CDC recently put forward a syphilis “Call to Action” outlining steps affected populations, health departments, medical providers, researchers and others might take in response to the growing epidemic5. In this paper, we focus specifically on how US state and local health departments might confront the syphilis epidemic. The steps we propose are not a comprehensive syphilis control plan, and many of the measures we suggest and numeric goals we propose will need to be refined if and when such a plan takes shape. We have no illusions that a new syphilis control plan will lead to syphilis elimination, a goal which seems unattainable in the absence of major scientific advances (e.g. a syphilis vaccine and improved diagnostic tests) or a fundamental change in the population’s sexual behavior. However, progress is possible, and devising a plan to confront the syphilis epidemic is an opportunity to reconsider and advance our broader public health goals as they relate to HIV/STI and reproductive health.

Principles underlying a renewed syphilis control effort

As we consider a renewed effort to control syphilis, it is useful to define the central principles that might guide our work. First, like contemporary efforts to control HIV, biomedical interventions will play the predominant role in a new effort to control syphilis. Second, a new plan should have clear and measurable objectives. Third, successful syphilis control will require improvements in our public health and clinical infrastructure. That infrastructure includes the professional and medical leadership of health department HIV/STD programs, public health clinics – particularly STD clinics – as well as the wider healthcare system, public health surveillance, and field services. Fourth, as we build new infrastructure, we will need to reconsider how the components of that infrastructure interact. In particular, we need to do more to integrate work across programs (e.g. HIV and STI, HIV/STI and family planning and maternal and child health) and between units within programs (e.g. field services and surveillance). Fifth, a renewed syphilis control plan will require new collaborations with healthcare organizations (HCOs) and with the populations affected by syphilis, particularly MSM. Sixth, a renewed effort to confront syphilis will need to generate political support, engage affected populations and spark enthusiasm in the public health workforce.
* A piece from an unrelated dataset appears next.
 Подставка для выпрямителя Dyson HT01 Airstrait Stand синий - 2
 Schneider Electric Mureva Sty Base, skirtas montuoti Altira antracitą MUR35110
Finally, efforts to control syphilis should be undertaken with the understanding that the epidemiology of syphilis in the US is substantially shaped by social determinants of health – factors such as poverty, racism, and stigma – which affect sexual mixing patterns and access to medical care6,7. In a new syphilis control plan, health department activities may seek to directly impact broad social determinants of health (e.g. through advocacy of insurance reform). But more typically, work at the HIV/STD program level will be designed to mitigate the effects of social determinants, the alteration of which is beyond the capacity of categorical public health programs.

Defining the objectives of syphilis control

Public health syphilis control efforts have typically sought to decrease the rate of syphilis. That objective is worthwhile, and the US currently has a national goal to decrease syphilis incidence to under <9.1 per 100,000 by 2020. Decreasing syphilis incidence beyond this threshold is an obvious goal for a new plan to control syphilis. It is consistent with the approach taken in the National HIV/AIDS Strategy, which seeks to decrease the incidence of HIV, and with the Australian National Syphilis Action Plan, which has a goal of decreasing syphilis rates in MSM through a combination of increased syphilis testing, partner notification, sustained condom use and perhaps chemophrophylaxis8. But is such a goal realistic?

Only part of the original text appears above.